A nessuno piace dovere affrontare un tema complesso con un si o con
un no, ma il ruolo del parlamento nella nostra Costituzione è
centrale. Se si incrina, o peggio, la Costituzione entra in
sofferenza.
Gaetano ha ricordato gli Usa, in quel sistema parlamento e
Presidente (esecutivo) sono eletti in modo distinto e questo
bilancia i poteri.
Democrazia è che nessuno può decidere da solo, nè può chiedere i
pieni poteri.
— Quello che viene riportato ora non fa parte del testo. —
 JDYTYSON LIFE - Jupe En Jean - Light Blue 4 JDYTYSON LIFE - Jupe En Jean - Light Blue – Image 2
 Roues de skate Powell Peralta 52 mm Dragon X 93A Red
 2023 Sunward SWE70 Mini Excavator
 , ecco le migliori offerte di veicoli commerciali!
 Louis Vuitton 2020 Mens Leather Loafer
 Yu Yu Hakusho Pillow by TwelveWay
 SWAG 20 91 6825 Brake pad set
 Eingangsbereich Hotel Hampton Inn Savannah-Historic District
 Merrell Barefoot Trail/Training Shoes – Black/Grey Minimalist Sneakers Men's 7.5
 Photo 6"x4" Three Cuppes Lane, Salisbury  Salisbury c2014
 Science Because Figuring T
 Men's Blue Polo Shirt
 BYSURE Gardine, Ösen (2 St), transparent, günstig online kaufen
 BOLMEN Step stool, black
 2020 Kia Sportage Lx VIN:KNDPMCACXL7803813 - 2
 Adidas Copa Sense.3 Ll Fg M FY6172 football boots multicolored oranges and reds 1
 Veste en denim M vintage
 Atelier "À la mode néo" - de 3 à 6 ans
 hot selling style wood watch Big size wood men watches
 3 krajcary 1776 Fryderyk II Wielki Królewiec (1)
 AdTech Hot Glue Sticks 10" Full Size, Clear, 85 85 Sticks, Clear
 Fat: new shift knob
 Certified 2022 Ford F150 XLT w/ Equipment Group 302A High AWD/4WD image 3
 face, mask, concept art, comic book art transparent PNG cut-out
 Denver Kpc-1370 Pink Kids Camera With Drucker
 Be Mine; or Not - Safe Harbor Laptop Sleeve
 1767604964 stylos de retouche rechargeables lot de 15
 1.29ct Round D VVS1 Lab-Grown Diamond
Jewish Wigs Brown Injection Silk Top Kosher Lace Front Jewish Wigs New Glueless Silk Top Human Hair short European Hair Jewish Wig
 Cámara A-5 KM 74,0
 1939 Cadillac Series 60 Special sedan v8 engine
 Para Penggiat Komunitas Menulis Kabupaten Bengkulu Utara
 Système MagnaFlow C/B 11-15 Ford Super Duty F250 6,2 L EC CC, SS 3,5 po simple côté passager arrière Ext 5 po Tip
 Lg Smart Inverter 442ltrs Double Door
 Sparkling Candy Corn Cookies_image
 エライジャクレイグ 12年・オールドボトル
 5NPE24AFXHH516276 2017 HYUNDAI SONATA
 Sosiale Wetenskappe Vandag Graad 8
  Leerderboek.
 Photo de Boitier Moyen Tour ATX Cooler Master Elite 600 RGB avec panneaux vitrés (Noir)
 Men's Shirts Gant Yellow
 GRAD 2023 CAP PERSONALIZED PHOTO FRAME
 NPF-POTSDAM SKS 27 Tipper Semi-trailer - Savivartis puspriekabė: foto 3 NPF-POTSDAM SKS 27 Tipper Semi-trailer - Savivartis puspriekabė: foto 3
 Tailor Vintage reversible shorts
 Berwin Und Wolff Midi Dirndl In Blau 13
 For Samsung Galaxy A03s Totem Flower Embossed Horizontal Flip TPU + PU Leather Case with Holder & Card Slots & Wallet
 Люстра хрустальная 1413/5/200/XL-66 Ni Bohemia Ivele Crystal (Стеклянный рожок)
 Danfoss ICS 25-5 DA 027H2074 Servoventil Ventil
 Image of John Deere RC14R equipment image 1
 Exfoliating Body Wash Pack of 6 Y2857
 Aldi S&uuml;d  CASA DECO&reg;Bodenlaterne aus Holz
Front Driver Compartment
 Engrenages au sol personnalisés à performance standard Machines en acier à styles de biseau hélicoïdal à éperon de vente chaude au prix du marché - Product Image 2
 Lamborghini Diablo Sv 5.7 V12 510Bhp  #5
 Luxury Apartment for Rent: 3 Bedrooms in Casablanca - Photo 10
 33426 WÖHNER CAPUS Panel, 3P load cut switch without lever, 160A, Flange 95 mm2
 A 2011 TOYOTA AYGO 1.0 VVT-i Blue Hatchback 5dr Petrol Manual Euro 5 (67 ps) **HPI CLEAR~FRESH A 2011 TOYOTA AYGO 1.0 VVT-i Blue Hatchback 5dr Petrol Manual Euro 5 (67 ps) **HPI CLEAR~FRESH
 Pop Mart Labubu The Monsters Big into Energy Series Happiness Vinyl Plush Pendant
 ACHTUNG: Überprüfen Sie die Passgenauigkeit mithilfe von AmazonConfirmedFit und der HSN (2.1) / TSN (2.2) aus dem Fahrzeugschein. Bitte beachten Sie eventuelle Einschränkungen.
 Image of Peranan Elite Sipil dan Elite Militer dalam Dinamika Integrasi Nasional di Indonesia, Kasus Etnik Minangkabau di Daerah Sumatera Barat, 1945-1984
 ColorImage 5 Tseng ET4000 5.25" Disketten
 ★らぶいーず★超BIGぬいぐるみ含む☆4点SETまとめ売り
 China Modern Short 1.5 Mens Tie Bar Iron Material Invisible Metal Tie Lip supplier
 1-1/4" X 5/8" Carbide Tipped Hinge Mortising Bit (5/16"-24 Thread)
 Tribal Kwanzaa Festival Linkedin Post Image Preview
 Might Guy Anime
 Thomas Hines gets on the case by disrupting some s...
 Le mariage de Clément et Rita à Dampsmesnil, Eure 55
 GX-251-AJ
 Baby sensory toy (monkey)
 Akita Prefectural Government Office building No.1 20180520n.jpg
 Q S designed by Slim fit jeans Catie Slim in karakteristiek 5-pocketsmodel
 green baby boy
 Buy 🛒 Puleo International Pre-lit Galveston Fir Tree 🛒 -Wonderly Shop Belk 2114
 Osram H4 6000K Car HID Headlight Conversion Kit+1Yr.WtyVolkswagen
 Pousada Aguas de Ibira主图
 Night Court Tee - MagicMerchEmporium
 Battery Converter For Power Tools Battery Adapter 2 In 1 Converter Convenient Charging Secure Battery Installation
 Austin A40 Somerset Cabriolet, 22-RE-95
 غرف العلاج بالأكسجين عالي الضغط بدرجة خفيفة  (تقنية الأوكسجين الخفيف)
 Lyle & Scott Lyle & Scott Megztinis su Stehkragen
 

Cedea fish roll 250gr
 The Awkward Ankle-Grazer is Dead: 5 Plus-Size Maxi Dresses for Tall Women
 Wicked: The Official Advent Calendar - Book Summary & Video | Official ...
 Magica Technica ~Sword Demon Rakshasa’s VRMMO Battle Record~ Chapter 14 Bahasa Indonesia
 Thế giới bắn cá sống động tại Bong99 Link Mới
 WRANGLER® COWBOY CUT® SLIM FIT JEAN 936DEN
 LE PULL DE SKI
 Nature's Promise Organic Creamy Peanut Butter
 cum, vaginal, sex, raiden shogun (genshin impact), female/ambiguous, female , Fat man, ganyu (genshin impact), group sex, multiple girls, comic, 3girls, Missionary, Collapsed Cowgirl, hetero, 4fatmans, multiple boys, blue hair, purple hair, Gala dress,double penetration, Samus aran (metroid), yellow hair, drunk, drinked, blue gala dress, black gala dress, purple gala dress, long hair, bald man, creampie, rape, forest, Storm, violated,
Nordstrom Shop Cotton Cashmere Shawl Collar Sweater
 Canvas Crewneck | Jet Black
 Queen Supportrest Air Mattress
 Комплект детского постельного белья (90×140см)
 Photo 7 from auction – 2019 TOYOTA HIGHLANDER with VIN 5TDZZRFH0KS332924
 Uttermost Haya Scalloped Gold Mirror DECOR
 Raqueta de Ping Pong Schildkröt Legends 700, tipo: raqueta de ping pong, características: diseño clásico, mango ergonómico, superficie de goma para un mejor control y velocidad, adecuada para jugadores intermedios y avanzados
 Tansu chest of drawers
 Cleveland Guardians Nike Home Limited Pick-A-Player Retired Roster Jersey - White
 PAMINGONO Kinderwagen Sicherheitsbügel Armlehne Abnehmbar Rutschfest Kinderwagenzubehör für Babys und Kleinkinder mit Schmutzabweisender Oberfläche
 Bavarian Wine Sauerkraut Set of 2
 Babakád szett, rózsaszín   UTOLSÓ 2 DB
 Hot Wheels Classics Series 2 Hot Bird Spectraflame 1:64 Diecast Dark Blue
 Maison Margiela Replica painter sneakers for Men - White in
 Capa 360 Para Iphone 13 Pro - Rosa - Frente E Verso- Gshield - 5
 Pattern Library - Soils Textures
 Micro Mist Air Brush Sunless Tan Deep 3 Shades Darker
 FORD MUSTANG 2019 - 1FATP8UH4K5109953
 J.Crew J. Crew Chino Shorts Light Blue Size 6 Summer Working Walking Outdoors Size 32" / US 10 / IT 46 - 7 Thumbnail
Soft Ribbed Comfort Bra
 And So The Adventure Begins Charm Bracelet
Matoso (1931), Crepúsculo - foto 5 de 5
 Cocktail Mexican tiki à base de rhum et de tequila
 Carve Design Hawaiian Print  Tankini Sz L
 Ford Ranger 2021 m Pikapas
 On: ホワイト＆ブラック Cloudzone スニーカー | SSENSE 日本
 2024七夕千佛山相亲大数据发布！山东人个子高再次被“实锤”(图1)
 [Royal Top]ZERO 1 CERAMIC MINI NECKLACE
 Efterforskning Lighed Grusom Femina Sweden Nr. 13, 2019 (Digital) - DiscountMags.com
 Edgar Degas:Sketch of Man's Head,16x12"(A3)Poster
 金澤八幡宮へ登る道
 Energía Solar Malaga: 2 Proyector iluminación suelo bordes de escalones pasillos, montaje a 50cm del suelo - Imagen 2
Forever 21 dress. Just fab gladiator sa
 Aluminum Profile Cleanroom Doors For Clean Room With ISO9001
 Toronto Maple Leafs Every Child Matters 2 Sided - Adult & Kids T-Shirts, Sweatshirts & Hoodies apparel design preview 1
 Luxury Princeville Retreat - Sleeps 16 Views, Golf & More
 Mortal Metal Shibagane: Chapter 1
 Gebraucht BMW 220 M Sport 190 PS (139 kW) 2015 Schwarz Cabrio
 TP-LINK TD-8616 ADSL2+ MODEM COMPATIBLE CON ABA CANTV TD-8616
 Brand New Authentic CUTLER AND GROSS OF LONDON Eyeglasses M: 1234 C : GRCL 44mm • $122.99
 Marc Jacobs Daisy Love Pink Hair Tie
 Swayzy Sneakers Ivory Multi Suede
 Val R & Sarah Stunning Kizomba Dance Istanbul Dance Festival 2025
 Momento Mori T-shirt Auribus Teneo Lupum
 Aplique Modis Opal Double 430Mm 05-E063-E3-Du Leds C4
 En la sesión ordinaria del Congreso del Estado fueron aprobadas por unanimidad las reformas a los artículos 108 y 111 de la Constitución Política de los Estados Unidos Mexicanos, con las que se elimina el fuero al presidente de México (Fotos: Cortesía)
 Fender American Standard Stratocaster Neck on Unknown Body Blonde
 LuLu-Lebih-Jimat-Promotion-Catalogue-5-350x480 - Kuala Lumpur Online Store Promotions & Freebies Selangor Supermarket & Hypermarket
La nostra democrazia ha un pilastro nel parlamento,
se non funziona o è dileggiato è un problema di tutti.
Per questo è necessario sottoporre agli elettori la questione e
farli decidere. Se ci sarà il referendum male non può fare e forse
farà bene se si parlerà del ruolo del parlamento, dei partiti, del
governo, della democrazia, dei suoi difetti, dei rimedi.
Se non ci fosse la decisione del taglio dei parlamentari non ci
sarebbe referendum, ma visto che c’è e per non fare la fine
dell’articolo 81 meglio votare, sarà comunque un’occasione per
discutere della nostra democrazia e dei suoi difetti.